Chest. 2024 Nov 22:S0012-3692(24)05584-3. doi: 10.1016/j.chest.2024.11.012. Online ahead of print.

Authors

Affiliations

¹ Framingham Heart Study, Framingham, MA; Population Sciences Branch, National Heart, Lung and Blood Institute, National Institutes of Health, Bethesda, MD.
² Pulmonary, Allergy and Critical Care Medicine, Duke University Hospital, Durham, NC.
³ Division of Cardiology, Beth Israel Medical Center, Boston, MA.
⁴ Department of Biostatistics, Boston University School of Public Health, Boston, MA; Department of Epidemiology, Biostatistics and Occupational Health, McGill University, Montreal, QC, Canada.
⁵ Pfizer Discovery Research and Development, Stockholm, Sweden; Department of Medical Epidemiology and Biostatistics, Karolinska Institute, Solna, Sweden.
⁶ Framingham Heart Study, Framingham, MA; Pulmonary Center, Boston University School of Medicine, Boston, MA.
⁷ Framingham Heart Study, Framingham, MA; Population Sciences Branch, National Heart, Lung and Blood Institute, National Institutes of Health, Bethesda, MD. Electronic address: [email protected].

PMID: 39580111
DOI: 10.1016/j.chest.2024.11.012

Abstract

Background: Impaired pulmonary function carries significant risks for lung, cardiovascular, and metabolic disorders.

Research question: Can circulating protein biomarkers of pulmonary function provide insight into the pathophysiologic features of lung function impairment and links to comorbidities?.

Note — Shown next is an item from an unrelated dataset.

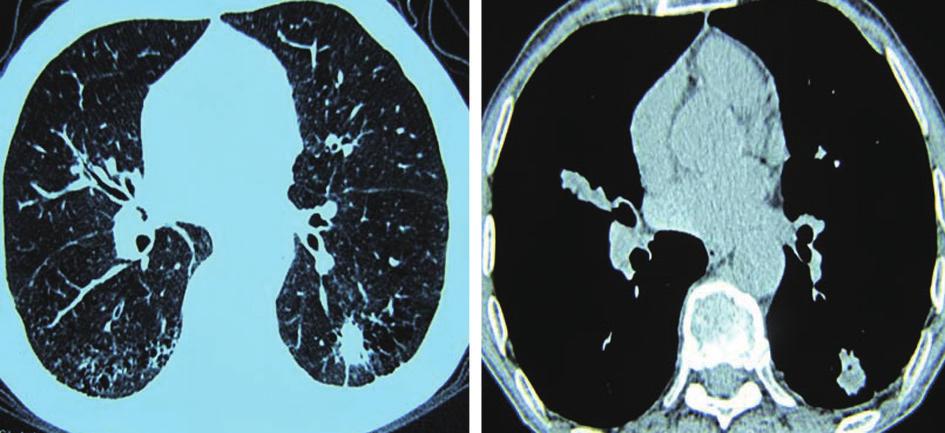 (16), of 132 SPN patients, 30% patients with lung cancer had aerated bronchi, while benign lesions presented only 5.9%.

Study design and methods: We analyzed plasma levels of 2,922 proteins in 32,493 UK Biobank participants (53% female; mean [SD] age, 57 [8] years) to investigate their associations with spirometry measures of lung function (FEV₁, FVC, FEV₁ to FVC ratio), and with obstructive (n = 4,713) and restrictive (n = 3,886) spirometry patterns. Significant protein signatures were annotated functionally and validated externally in 740 Framingham Heart Study (FHS) participants. We inferred causality using Mendelian randomization and examined colocalization of genetic signals of protein biomarkers with corresponding lung traits.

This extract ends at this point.